An exact copy of the entries is required, excluding any pictures.

**Available data**
===
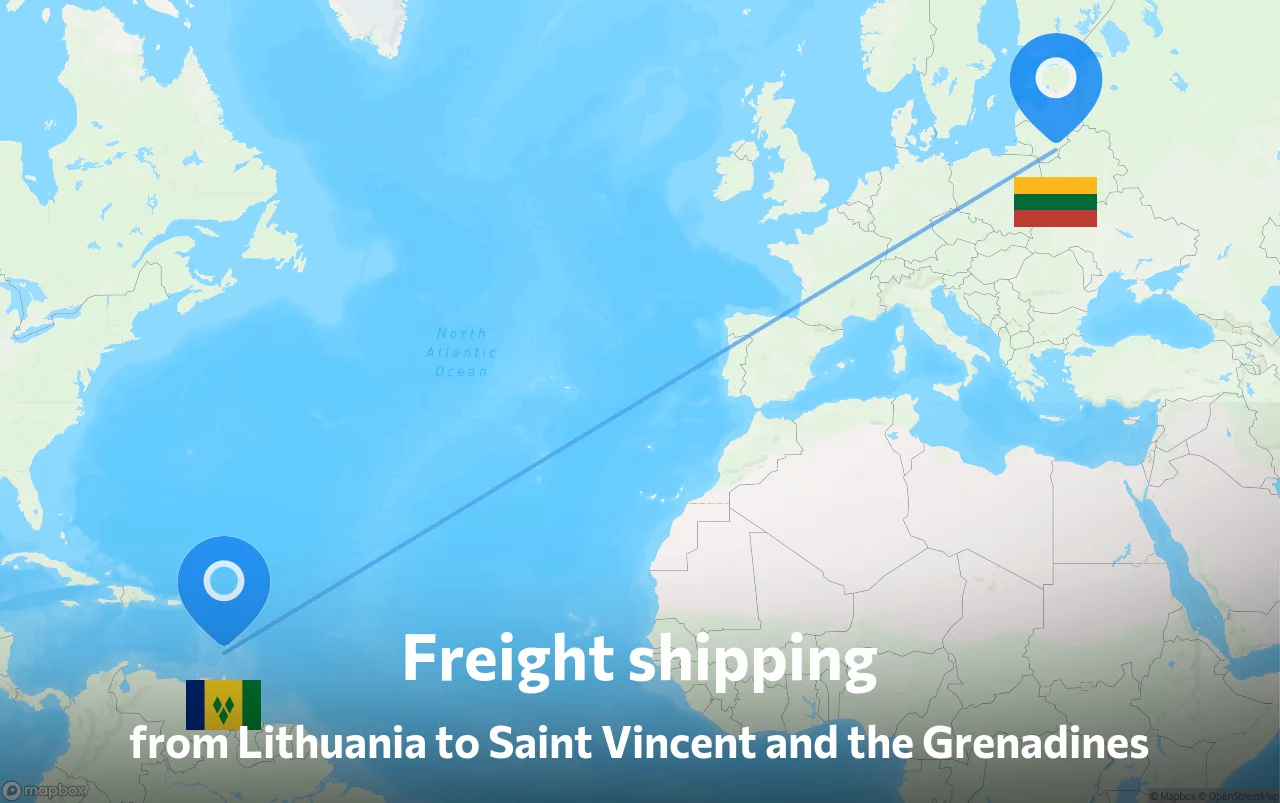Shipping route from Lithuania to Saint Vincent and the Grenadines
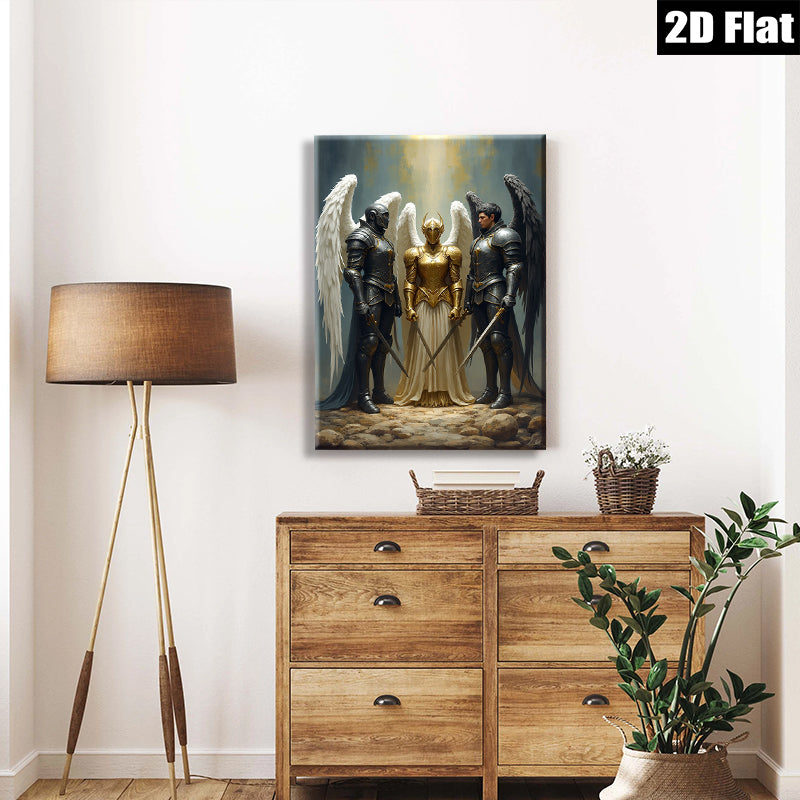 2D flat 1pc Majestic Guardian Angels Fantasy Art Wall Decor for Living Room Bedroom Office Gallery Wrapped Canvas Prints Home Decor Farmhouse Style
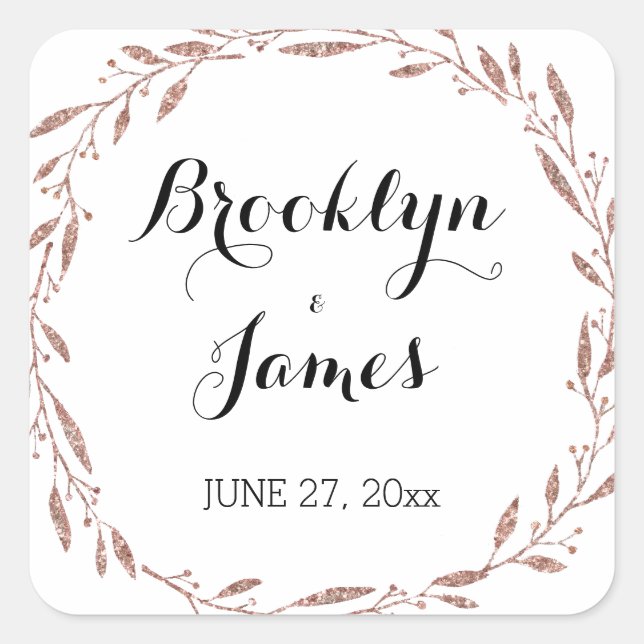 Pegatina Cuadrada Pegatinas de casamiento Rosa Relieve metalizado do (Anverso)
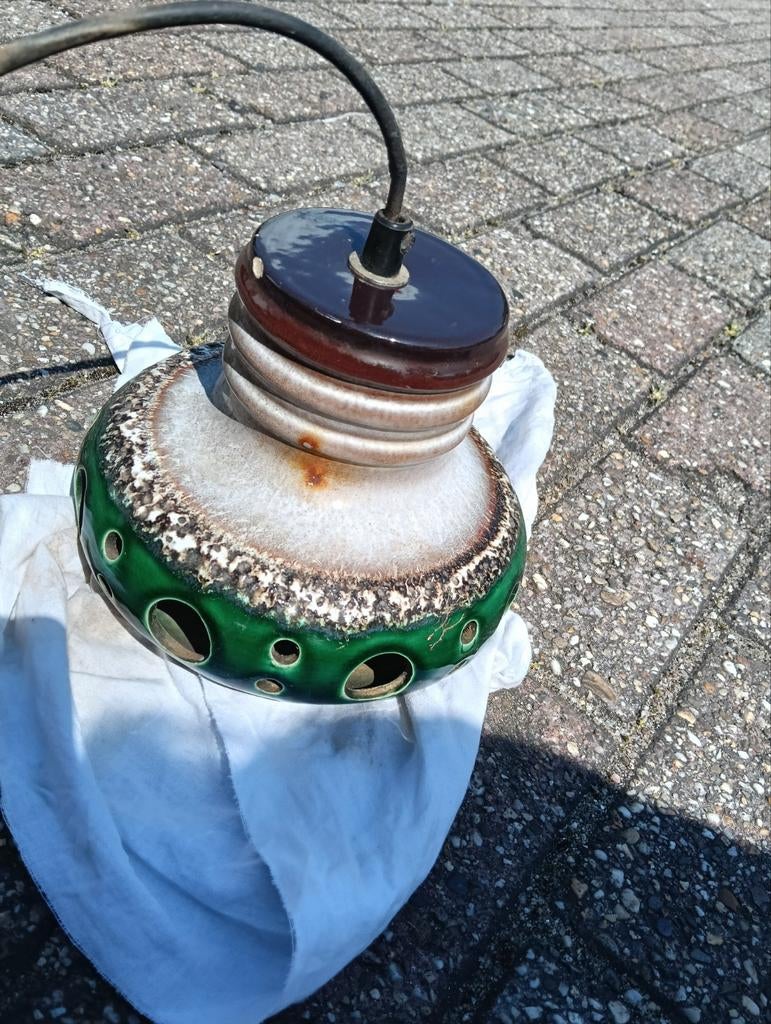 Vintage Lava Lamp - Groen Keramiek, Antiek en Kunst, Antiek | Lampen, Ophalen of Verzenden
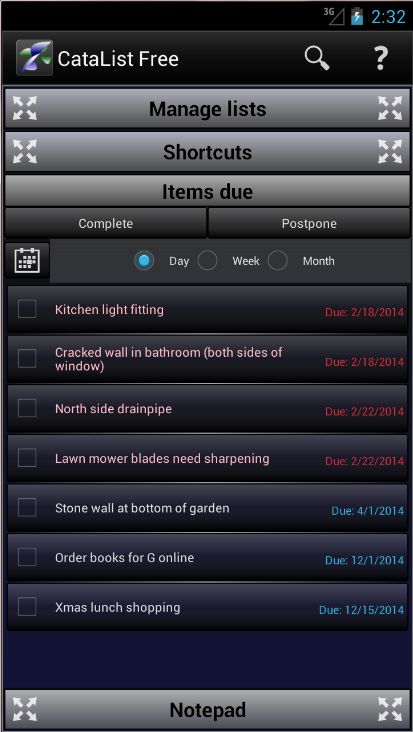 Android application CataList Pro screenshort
===
**Solution below**
Shipping route from Lithuania to Saint Vincent and the Grenadines
 2D flat 1pc Majestic Guardian Angels Fantasy Art Wall Decor for Living Room Bedroom Office Gallery Wrapped Canvas Prints Home Decor Farmhouse Style
 Pegatina Cuadrada Pegatinas de casamiento Rosa Relieve metalizado do (Anverso)
 Vintage Lava Lamp - Groen Keramiek, Antiek en Kunst, Antiek | Lampen, Ophalen of Verzenden
 Android application CataList Pro screenshort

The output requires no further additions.